Friday, July 30, 1998
By Charles E Beggs
Associated Press Writer
Salem (AP)
Barbara Casali-Mingus said finding her natural mother turned out to be a matter of life or death.
Casali Mingus, of Corvallis, was adopted in what she terms the "Gray Market" era of the l940's and 50's when arrangements and record keeping were a bit casual.
Her adopted uncle was her biological mother's doctor but for years he wouldn't disclose anything about her natural parents. Finally, years of card-playing between her adopted brother and the doctor persuaded the physician to give out the name.
Casali-Mingus found her grandmother, living in the same town. And then she found her birth mother in the late 1070's.
The encounter was amiable, but she also discovered her mother was dying of cancer. Her mother admonished her daughter, then 31, to be checked for the disease.
"I told her I had been checked in the last year," Casali-Mingus said. "She says that didn't matter, to get checked anyway. I did and I had cervical cancer. I had an operation and have recovered. "She saved my live," Casali Mingus said. "Everybody has a right to their medical records."
Casali Mingus is among hundreds of adoptees trying to persuade Oregon voters to pass an initiative measure to open adoption records. The proposal qualified for the November ballot as Measure 58. It says adoptees are entitled to get their original birth certificates when they turn 21.
Most states close off adoption records. Only Alaska and Kansas grant access to original birth certificates; two others give qualified access.
Berry Price of Albany has spent nine years going to court and hounding state children's service agencies to learn the identities of his natural parents.
He believes he has a right to the information. "I have no desire to embarrass or interfere with my birth mother's life, He said. "Even though my mother made the right decisions in many ways, she still owes, and I hate to use the word owes, but owes her child that background and medical history and so forth.
Some critics of the initiative measure say it's disputable that there's a legal obligation.
"I think a lot of people are changing the rules of the game." said Catherine Dexter, a Portland Attorney who handles adoptions. "Proponents will say this is a civil rights issue.

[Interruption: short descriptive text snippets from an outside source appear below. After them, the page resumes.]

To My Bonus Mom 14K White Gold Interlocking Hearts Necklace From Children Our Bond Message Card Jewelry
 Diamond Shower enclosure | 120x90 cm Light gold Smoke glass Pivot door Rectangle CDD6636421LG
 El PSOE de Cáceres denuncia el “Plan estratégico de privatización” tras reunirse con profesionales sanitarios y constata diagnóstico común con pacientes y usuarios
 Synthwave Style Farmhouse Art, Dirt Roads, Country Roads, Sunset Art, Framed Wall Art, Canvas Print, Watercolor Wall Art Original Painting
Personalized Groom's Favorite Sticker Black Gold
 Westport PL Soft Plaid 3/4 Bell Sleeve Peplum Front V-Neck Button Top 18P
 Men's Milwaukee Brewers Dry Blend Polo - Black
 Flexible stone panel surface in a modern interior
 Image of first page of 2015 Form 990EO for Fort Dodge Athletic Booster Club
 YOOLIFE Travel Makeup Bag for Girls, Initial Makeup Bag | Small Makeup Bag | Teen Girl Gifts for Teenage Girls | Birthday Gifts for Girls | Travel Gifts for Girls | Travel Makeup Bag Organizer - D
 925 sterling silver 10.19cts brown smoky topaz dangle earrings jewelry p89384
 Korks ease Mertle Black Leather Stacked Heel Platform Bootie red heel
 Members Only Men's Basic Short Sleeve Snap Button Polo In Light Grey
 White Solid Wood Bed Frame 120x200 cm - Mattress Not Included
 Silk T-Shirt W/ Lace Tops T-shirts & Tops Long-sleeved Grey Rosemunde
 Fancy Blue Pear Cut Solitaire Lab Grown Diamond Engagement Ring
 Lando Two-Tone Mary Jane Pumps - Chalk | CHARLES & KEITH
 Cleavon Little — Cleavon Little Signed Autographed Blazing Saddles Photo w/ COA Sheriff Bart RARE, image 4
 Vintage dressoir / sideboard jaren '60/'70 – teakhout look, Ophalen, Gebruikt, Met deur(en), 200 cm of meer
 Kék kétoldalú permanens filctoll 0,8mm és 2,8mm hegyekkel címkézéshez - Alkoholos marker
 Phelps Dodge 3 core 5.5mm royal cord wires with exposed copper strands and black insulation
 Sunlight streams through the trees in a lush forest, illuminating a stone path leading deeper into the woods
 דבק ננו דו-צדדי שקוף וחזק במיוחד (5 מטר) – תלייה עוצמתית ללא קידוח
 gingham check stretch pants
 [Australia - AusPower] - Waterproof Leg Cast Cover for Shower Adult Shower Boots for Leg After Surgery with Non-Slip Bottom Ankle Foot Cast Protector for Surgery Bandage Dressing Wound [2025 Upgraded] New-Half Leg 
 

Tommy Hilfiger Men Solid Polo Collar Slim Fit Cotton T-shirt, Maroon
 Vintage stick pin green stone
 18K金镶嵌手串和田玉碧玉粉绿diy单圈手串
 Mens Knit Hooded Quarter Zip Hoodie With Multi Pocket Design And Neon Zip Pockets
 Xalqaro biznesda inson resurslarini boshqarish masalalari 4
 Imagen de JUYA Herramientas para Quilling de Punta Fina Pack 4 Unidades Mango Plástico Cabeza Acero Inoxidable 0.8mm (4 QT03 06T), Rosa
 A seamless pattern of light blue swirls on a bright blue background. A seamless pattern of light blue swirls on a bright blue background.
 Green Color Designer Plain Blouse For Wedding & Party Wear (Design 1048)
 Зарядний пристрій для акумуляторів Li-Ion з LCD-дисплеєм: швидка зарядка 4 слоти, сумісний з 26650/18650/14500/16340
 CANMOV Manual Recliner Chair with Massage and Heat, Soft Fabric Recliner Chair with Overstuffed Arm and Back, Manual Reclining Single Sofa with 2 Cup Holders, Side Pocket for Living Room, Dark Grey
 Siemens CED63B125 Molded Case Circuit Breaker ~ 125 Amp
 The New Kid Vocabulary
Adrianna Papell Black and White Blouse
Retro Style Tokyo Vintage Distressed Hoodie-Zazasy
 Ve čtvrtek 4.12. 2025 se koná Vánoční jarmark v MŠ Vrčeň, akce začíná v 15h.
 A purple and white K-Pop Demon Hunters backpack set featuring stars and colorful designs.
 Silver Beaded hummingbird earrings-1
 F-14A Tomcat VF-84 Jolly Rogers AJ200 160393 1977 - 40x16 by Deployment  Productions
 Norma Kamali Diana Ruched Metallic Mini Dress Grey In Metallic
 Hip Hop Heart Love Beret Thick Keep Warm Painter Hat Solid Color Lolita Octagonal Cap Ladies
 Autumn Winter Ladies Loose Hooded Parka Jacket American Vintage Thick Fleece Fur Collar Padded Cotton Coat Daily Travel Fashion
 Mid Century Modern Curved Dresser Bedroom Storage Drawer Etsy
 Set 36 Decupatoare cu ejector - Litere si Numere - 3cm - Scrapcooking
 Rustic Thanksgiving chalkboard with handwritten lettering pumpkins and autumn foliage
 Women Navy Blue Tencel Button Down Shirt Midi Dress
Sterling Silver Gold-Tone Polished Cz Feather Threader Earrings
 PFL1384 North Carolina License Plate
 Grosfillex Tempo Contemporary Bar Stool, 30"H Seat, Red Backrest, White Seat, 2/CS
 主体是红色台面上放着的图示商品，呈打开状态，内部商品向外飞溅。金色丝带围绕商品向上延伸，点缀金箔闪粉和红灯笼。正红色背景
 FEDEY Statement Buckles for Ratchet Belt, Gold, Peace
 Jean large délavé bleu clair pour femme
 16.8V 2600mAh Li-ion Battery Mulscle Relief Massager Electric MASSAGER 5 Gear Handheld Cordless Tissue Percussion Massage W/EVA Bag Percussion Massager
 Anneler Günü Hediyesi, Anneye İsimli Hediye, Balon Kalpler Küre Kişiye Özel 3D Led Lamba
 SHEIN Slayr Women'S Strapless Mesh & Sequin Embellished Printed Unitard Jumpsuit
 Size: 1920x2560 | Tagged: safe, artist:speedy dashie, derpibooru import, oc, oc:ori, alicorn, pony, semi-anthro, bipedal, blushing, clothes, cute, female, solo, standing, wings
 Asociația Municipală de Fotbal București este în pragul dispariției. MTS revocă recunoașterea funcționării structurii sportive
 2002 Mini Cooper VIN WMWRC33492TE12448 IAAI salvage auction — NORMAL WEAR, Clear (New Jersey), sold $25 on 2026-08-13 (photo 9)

They claim a right under the Constitution to have their original birth record," she said. But she contends people "don't have an absoloute right to information about our ancestors. I think they have an equal right to privacy." Dexter said the reason she's against the ballot measure is that it would apply the requirement retroactively.
Evelyn Lamb of the Boys and Girls Aid Society in Portland has the same concern.
"There's nothing addressing past promises,", she said, adding that the organization will give information but not take a position on whether the measure should pass.
The society has operated for 113 years and conducted business in confidence, she said, including adoption placements and searches for birth parents.